[Data shown]
○ ○ ○

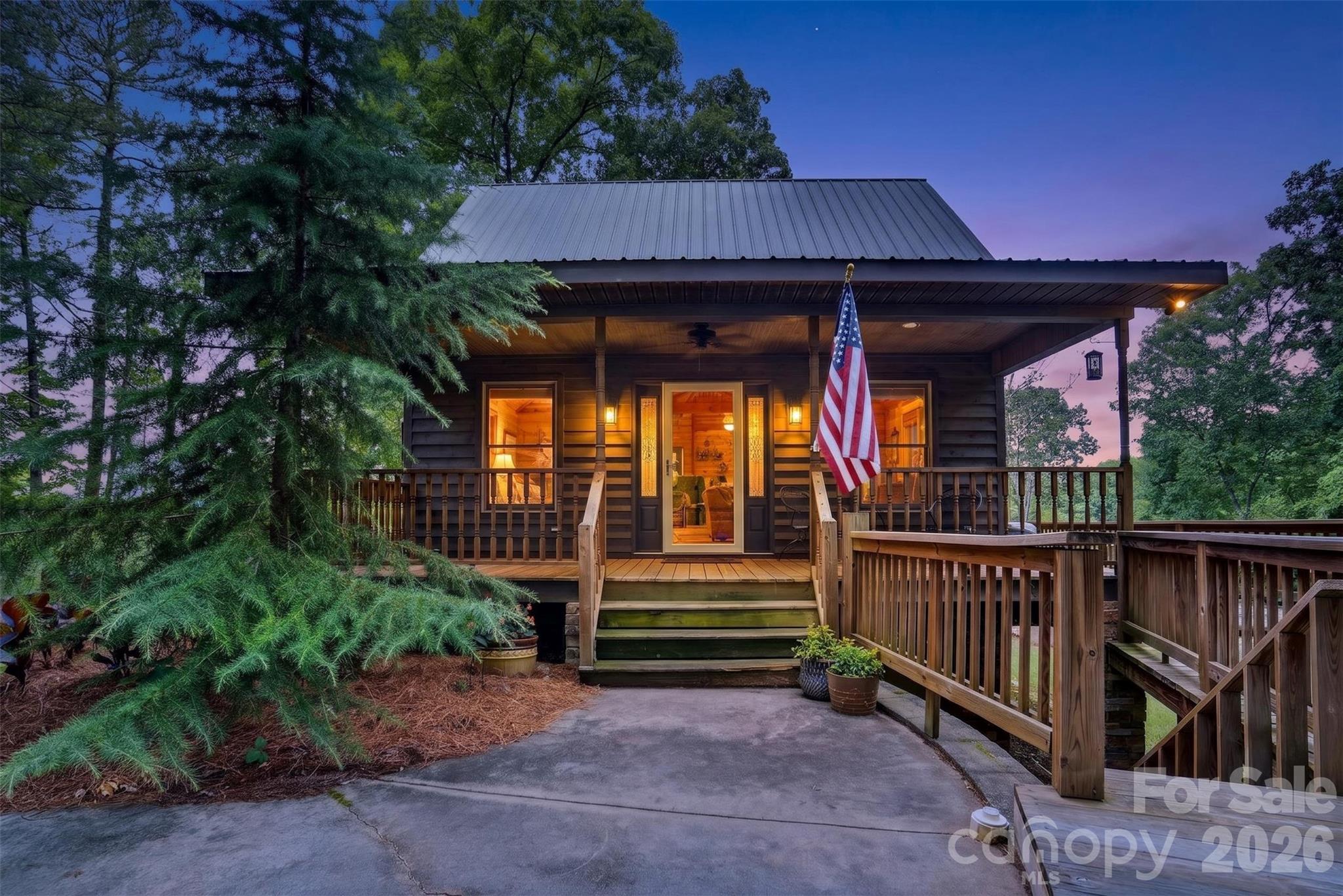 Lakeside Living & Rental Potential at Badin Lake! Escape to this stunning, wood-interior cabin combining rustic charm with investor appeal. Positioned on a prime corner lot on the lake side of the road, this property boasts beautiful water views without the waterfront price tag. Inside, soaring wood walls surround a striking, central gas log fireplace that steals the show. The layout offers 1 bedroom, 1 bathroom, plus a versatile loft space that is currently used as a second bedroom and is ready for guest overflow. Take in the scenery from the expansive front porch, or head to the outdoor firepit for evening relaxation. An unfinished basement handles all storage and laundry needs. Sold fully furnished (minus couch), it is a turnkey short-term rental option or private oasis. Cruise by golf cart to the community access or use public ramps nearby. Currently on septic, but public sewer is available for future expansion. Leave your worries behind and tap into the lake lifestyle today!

○ ○ ○

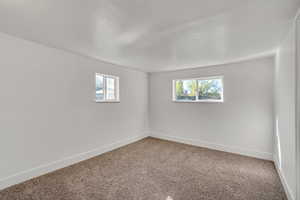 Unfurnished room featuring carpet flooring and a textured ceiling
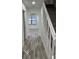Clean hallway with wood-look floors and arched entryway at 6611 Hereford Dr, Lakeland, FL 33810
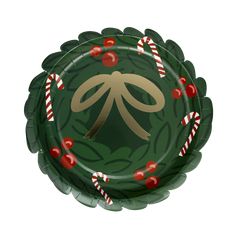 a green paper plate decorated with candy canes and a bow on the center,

○ ○ ○

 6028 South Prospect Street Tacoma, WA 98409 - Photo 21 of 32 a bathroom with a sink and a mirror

○ ○ ○

[Your assignment] What are the lines in the records above, word for word, from the one containing "Unfurnished room featuring" through the one containing "a green paper", both ends included and pictures left out?

[Answer to the exercise]
 Unfurnished room featuring carpet flooring and a textured ceiling
Clean hallway with wood-look floors and arched entryway at 6611 Hereford Dr, Lakeland, FL 33810
 a green paper plate decorated with candy canes and a bow on the center,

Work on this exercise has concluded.